CARACAS, Venezuela — President Hugo Chavez appears to be seeking a rapprochement with Washington just two weeks after revalidating his mandate in a recall referendum he had portrayed as a contest between himself and the U.S. government.

Foreign Minister Jesus Perez announced last week that Mr. Chavez would like to meet Mr. Bush when the Venezuelan president travels to the United States for the annual opening of the United Nations General Assembly next month.

“We began our government with very cordial negotiations with Bill Clinton and everything changed with the arrival of President George W. Bush and his advisers, who were not very well informed about what is happening in Venezuela,” Mr. Perez told reporters in Bogota.

“Administrations and governments change, and so we have a lot of faith that that can change in the coming months.”

U.S. officials have not responded to the offer, but have been measured in their comments on Venezuela since Mr. Chavez’s victory in the Aug. 15 referendum, an outcome whose legitimacy they have not challenged.

Urging Mr. Chavez to use his victory to heal divisions in the country, Deputy Secretary of State Richard Armitage said last week, “We hope the government of Venezuela will take a constructive approach to our bilateral relationship.”

That relationship has been rocky at best since Mr.
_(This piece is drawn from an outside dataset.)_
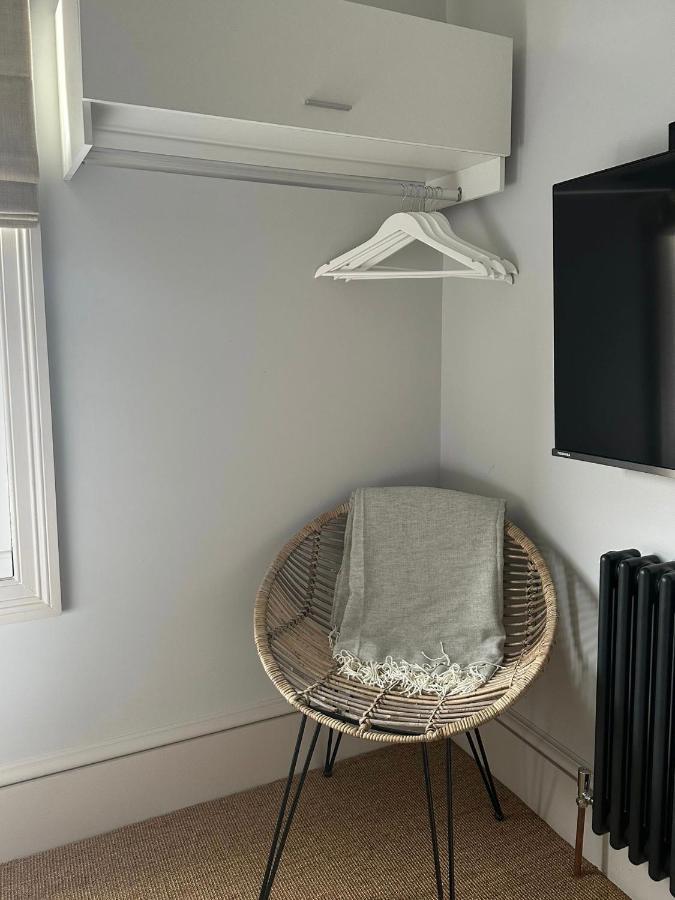 הלנסבורג Rooms Above Sugar Boat מראה חיצוני תמונה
Chavez assumed office in 1998. The Venezuelan leader has riled U.S. policy-makers by befriending Cuban leader Fidel Castro, sharply criticizing U.S. foreign policy and trying to form a unified Latin American political and economic bloc at the expense of U.S. interests in the region.

Mr. Chavez accused the United States of trying to destabilize his government after Bush administration officials prematurely welcomed an unsuccessful coup in April 2002.

Mr. Chavez made U.S. links to his opposition a running theme in his campaign for the referendum, promising both to hit a “home run against the gringos” and to deal Mr. Bush a “knockout” punch in the referendum.

But with Mr. Chavez’s grip on power now strengthened by the Aug. 15 vote, both sides seem to be interested in easing tension.

The Bush administration disappointed Venezuela’s opposition when it failed to endorse their accusations of an electoral fraud.

“If the opposition does have concerns, if they do have evidence … then they need to present that. Otherwise, it’s time to move on,” said State Department spokesman Adam Ereli.

“Now that it’s over, it’s important for people to come together and to move forward consistent with democracy and the rule of law in Venezuela.”

For Mr. Chavez, a meeting with Mr. Bush would further marginalize the opposition while bolstering his own legitimacy.

Mr. Bush can ill afford during a tight re-election campaign to destabilize relations with the fourth-largest supplier of crude oil to the United States at a time of record petroleum prices.

“Confrontation can only result in oil prices going up, and high oil prices are more dangerous for the Bush campaign at this moment than Chavez,” said Larry Birns, director of the Washington-based Council on Hemispheric Affairs.

“It is quite conceivable that Bush will meet not only with Chavez, but with other pariah rogue leaders to show this administration is capable of negotiation in a businesslike manner in situations that clearly advance U.S. national interests.”